Highlights of Science Writers DC Stem Cell Panel with FDA’s Peter Marks

I’m enjoying attending and speaking at the annual Science Writers 2018 meeting in D.C. where I spoke this morning on a panel about stem cells. The session was specifically on the Wild West of stem cells. You can follow the meeting events on Twitter with the #sciwri18 hashtag.

FDA Peter Marks, Science Writers 2018
FDA Peter Marks, Science Writers 2018

I had three wonderful fellow panelists, Marilynn Marchione of the AP, Terry Devitt of the University of Wisconsin, and Dr. Peter Marks, Head of CBER at the FDA (pictured). Marilynn and Terry ran the session.

The session was an interesting mix about the real promise of stem cells and also the astonishing extent of the unproven stem cell clinic industry in America today. I made the prediction that barring some radical change that in 2020 there will be 1000 stem cell clinics in the U.S.

Dr. Marks went through some of the key regulatory issues for stem cells in a way that was relatively easy to understand for the audience given how complex they can be.

Clinics tend to think of and/or portray their products as 361s (not drugs) even if they are in fact drugs requiring FDA premarket approval. Note that some clinics are using 361s such as unmodified bone marrow for orthopedic conditions, but most clinics overall are in my opinion using unapproved drug products.
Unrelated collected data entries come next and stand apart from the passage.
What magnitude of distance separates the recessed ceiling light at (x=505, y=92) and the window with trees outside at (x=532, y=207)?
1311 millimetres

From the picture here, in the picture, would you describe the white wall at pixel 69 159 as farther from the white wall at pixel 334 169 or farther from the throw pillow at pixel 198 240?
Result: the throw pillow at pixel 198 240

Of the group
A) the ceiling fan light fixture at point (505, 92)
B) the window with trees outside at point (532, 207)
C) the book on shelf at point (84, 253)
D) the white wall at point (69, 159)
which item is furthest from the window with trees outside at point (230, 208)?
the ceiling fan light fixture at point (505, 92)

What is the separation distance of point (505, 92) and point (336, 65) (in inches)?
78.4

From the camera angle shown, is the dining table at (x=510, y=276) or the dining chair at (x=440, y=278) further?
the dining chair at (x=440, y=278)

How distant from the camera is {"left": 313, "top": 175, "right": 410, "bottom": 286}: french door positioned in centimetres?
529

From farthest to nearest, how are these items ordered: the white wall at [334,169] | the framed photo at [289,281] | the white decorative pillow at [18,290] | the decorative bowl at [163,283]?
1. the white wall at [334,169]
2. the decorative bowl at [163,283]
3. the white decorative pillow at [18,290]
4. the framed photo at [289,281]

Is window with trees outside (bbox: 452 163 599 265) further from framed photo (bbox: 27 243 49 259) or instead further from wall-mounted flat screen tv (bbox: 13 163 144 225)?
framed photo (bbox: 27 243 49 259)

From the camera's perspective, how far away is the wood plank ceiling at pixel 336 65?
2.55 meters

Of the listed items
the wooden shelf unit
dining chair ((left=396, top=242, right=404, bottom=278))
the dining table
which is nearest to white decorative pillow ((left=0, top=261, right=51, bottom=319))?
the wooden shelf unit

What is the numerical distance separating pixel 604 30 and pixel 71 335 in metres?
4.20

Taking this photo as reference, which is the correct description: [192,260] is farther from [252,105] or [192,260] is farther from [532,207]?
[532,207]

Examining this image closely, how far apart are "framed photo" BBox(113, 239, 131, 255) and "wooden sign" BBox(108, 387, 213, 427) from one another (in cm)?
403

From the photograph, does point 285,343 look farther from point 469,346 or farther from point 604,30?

In my talk I mentioned that the growing number of clinics selling birth-related “stem cells” (amniotic, placental and umbilical cord materials) seem to think (or at least argue) that they are not selling drug products requiring pre-market drug approval, but it seems many of them actually are non-compliant marketers of what are likely to be biological drugs. It was only days ago we all learned about the FDA recall of an umbilical cord product that might have been contaminated with E.coli. It’s not clear if that product contains living cells.

(Note that sometimes academia messes up too and a subset of those can get pretty ugly, as exemplified by the call by Harvard just now to retract more than 30 papers on cardiac stem cells. This stems from what might broadly be called the Anversa situation.)

Getting back to the Science Writers meeting, we got at least 10 great questions from the audience. One of my favorites was basically, “How do we know what is being injected into patients and if it is even really stem cells?” It fits with what I often tell patients: you often won’t know for sure what’s in the syringe they use to inject you. Scary stuff.

Dr. Marks was also asked by an audience member to comment on the extent of enforcement action pending on stem cell clinics. He mentioned the two suits against clinics firms. While he understandably couldn’t give more specifics on other fronts, I got the sense from what he said that more action is going on behind the scenes. He also mentioned how the FDA is focusing on the highest risk situations first. One example he cited of a type of very concerning “treatment” from a clinic was injection of a laboratory-amplified fat stem cell product into the spinal cord for migraines. Whoa.